Cultura

la sottile sofferenza tra madre e matrigna

Dolori e gioie delle "seconde madri" raccontati in un libro

di Benedetta Verrini

La situazione di seconda moglie e genitrice di figli non propri è sempre più frequente nell’Italia di oggi, interessata da un crescente numero di separazioni e divorzi. Per la prima volta un libro-confessione, intitolato Matrigne, di Lilia Bonomi, racconta la versione di chi riveste questo scomodo ruolo. E benedice l’arrivo dell’affido condiviso.
Tre bambini lui, una figlia affidataria lei: è il nucleo familiare messo insieme anni fa da Lilia Bonomi, che unendosi a un uomo separato si è trovata ad accompagnare (seppure non quotidianamente, visto che i piccoli erano in affido esclusivo alla madre) in un percorso di crescita i figli del marito, oltre alla propria.

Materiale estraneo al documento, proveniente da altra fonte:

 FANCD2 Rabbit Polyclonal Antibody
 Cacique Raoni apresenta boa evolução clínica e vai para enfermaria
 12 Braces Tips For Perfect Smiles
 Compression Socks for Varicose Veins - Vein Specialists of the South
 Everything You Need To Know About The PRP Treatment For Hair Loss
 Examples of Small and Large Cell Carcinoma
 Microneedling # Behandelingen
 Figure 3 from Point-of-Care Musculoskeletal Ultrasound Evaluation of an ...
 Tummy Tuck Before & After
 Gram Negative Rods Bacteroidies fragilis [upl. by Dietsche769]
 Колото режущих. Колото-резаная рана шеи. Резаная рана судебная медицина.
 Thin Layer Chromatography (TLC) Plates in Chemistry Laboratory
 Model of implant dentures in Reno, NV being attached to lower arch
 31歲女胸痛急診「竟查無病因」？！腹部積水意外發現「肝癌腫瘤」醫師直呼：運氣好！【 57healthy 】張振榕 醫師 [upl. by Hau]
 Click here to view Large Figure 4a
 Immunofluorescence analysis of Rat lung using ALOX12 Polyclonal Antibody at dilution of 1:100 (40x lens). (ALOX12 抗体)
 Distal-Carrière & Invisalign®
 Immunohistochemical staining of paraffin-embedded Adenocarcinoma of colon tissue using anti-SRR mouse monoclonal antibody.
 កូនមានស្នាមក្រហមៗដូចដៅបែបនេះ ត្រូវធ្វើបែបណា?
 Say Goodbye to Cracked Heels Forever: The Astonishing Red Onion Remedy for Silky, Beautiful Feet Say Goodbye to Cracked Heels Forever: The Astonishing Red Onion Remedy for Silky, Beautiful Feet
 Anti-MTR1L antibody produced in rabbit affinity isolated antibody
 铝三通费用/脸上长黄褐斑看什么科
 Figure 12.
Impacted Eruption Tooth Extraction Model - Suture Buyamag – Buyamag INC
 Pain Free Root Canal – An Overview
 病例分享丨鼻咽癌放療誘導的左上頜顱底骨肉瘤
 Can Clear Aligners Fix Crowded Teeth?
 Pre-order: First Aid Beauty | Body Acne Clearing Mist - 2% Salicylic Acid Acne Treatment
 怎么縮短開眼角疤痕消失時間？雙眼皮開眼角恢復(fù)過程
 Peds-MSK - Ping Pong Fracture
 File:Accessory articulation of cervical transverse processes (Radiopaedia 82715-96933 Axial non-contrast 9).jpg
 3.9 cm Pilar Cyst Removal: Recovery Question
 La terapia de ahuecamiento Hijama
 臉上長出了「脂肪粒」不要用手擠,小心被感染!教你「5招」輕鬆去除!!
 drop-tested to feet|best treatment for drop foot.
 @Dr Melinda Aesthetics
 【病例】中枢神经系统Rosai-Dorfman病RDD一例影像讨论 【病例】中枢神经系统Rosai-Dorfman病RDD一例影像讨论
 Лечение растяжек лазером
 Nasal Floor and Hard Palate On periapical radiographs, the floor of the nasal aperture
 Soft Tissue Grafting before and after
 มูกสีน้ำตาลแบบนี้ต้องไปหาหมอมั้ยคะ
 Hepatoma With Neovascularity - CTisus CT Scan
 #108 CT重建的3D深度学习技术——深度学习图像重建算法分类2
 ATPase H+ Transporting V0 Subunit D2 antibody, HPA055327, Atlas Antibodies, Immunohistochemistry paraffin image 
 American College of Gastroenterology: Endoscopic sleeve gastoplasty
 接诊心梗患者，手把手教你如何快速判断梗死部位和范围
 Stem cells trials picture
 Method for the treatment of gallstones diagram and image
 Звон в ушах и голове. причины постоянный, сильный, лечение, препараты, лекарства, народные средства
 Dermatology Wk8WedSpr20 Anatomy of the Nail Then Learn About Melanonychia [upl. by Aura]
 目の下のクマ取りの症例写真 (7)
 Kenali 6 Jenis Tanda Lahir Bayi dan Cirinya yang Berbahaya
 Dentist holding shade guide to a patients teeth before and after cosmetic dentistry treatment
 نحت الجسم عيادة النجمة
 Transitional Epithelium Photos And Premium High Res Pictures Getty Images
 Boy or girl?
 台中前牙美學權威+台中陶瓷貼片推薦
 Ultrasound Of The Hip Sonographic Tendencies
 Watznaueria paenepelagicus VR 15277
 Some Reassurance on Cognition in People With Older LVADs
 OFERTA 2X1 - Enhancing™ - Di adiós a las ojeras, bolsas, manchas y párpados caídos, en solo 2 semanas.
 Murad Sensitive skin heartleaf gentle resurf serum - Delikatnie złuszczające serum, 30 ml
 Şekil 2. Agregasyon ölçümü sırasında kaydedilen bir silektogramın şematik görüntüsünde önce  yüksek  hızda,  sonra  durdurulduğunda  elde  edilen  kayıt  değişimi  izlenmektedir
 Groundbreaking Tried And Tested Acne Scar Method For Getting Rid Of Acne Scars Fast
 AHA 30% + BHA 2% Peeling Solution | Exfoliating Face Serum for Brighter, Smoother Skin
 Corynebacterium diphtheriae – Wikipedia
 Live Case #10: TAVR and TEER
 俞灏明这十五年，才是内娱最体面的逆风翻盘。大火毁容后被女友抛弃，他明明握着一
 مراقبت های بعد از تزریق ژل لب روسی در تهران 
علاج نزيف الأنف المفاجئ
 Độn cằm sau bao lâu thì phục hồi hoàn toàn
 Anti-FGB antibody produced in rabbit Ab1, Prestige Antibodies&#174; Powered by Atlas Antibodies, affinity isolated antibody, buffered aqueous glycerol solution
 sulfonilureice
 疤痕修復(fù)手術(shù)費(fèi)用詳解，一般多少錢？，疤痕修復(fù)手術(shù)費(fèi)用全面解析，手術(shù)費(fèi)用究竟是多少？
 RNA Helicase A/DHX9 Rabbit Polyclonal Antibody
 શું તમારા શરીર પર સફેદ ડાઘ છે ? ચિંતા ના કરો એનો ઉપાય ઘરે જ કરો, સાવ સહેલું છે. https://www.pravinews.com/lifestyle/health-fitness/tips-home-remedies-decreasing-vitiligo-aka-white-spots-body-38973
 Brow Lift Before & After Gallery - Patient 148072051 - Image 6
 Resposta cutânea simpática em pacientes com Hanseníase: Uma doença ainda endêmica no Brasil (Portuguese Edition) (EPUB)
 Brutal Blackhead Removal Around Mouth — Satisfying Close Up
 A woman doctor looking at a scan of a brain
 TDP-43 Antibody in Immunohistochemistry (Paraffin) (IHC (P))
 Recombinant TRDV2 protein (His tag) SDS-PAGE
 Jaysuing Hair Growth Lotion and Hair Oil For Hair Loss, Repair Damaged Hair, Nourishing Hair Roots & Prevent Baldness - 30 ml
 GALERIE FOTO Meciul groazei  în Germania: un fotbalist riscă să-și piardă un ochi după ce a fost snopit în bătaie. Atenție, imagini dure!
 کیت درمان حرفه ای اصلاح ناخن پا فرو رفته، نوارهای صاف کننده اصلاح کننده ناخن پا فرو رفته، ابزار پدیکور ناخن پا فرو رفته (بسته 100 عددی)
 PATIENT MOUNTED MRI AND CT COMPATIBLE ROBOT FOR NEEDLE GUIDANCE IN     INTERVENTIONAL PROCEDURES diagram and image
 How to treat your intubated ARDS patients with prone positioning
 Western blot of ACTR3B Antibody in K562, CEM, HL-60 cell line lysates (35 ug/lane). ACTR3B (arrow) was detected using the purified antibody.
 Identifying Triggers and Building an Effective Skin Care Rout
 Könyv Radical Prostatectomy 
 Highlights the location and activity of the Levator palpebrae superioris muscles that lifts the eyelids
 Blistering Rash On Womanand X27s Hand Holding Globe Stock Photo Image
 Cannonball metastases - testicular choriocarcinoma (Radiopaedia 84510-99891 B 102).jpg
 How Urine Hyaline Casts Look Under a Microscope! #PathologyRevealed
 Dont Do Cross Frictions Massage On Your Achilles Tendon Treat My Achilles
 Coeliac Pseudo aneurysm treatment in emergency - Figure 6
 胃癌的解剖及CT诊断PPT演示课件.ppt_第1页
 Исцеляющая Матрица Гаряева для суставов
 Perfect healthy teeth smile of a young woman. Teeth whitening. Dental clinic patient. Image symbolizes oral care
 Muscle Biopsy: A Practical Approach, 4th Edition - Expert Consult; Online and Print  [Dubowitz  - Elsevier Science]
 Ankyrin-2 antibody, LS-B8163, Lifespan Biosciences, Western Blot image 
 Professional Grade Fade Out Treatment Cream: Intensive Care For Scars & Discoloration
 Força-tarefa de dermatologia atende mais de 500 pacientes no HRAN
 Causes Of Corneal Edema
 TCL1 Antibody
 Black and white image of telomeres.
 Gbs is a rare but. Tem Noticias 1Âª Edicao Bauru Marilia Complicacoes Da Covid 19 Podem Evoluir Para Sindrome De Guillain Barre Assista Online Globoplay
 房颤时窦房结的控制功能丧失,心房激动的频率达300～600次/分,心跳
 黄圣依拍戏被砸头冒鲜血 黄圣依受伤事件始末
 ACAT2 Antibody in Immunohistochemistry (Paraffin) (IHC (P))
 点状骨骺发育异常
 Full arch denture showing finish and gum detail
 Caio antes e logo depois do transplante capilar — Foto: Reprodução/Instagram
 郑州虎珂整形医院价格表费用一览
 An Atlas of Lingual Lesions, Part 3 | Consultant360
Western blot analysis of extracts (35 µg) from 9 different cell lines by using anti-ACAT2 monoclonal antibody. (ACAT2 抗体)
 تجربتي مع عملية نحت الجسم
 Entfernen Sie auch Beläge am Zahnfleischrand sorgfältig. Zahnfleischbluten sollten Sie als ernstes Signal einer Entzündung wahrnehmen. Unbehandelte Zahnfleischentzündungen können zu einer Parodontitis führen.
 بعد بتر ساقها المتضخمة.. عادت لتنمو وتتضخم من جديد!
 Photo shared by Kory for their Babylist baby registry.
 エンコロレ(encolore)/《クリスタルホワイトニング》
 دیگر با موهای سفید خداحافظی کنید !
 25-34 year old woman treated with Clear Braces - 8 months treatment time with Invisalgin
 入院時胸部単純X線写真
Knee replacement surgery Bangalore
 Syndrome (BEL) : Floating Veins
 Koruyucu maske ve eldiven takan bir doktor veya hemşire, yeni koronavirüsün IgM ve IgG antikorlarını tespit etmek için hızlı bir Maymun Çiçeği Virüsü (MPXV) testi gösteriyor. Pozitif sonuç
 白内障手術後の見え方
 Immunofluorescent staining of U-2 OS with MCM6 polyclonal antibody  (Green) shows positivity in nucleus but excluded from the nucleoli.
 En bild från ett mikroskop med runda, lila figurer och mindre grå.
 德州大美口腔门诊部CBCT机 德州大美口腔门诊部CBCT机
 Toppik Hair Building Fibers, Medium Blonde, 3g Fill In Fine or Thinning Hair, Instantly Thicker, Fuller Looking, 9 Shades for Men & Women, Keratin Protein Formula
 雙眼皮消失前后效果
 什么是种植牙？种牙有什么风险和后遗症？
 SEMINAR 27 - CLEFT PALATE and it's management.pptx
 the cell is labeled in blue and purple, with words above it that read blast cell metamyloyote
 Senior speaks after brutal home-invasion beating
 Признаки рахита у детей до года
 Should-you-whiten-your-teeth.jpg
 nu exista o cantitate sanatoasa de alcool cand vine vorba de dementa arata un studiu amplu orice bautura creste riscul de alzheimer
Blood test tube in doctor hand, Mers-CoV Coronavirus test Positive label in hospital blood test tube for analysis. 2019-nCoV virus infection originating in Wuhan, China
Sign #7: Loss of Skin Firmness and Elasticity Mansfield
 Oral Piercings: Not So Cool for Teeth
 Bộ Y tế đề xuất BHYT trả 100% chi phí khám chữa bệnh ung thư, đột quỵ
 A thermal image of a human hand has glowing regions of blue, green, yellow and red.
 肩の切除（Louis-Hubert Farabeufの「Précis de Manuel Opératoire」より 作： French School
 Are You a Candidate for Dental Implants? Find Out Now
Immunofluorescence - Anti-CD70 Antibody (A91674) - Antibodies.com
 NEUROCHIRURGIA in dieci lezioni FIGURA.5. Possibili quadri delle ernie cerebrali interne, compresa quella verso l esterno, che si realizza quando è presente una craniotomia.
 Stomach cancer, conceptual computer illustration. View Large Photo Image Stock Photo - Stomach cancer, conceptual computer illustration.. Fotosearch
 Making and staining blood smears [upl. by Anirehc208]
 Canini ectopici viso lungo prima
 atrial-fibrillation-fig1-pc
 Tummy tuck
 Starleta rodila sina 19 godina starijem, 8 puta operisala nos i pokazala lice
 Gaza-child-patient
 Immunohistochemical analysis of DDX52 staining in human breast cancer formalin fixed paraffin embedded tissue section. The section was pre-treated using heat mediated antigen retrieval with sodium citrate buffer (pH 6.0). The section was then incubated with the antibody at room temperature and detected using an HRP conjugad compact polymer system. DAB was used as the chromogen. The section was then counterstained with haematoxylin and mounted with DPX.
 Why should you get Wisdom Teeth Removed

Da questa esperienza è nato un libro, che l’autrice non esita a definire «liberatorio», in cui illustra le dinamiche legate alla quotidianità: accudimento dei figliastri, rapporti con il compagno, relazioni con l’ambiente. In queste pagine, ovviamente, c’è la necessità di raccontare un vissuto teso a farsi accettare, assumere autorevolezza, vivere serenamente un ruolo per tradizione scomodo e antipatico (di qui il titolo, Matrigne – Manuale di sopravvivenza per madri di seconda scelta).
E se quattro figli e un impegno costante verso la normalità e la pace domestica fanno pensare alla realizzazione del mito della famiglia allargata, Bonomi boccia il modello: «È una questione personale, ma per me resta una fonte di sofferenza, preferisco non vedere l’ex moglie di mio marito». La complessità del rapporto emerge in relazione ai figli: «Rappresentano un momento di felicità di un passato di cui tu non fai parte e devi fare i conti con questo sentimento. E poi, in molti casi, i figli diventano la manifestazione del potere, emotivo e spesso anche economico, che la prima moglie esercita sul marito».
Un nodo ricorrente – e doloroso – riguarda poi la possibilità del padre di avere una voce in capitolo nel percorso di crescita ed educativo dei figli. «Quando c’è un affidamento unilaterale alla madre», prosegue Bonomi, «l’esperienza del padre può essere frustrante: oltre alla litigiosità legata al mantenimento economico, c’è il fatto che i bambini imparano subito che tu non conti, che l’ultima parola l’avrà sempre il genitore cui sono stati affidati. Ci vuole impegno e coraggio per continuare a pretendere di avere una parte nella loro crescita. Alla lunga si rischia di mollare». Benvenuto, dunque, l’affido condiviso, che con la legge 54 del 2006 ha aperto la strada alla condivisione di ruoli e responsabilità. Secondo dati recenti dell’università Cattolica di Milano, presso cui è attivo il servizio di Psicologia per la coppia e la famiglia e «gruppi di parola» per figli dei genitori separati, l’applicazione delle nuove regole sta decollando, soprattutto in Centro-Nord: si è passati da un 3,6% ante legem a un 28,6% post legem al Tribunale di Milano; da un 2,6% a un 55,2% a Roma; da un 2% a un 14% a Napoli. Un buon segno. Anche se le matrigne, dice Bonomi, «il ruolo di terzo genitore ancora non se lo possono permettere». A loro, probabilmente, è richiesto di conquistarselo sul campo.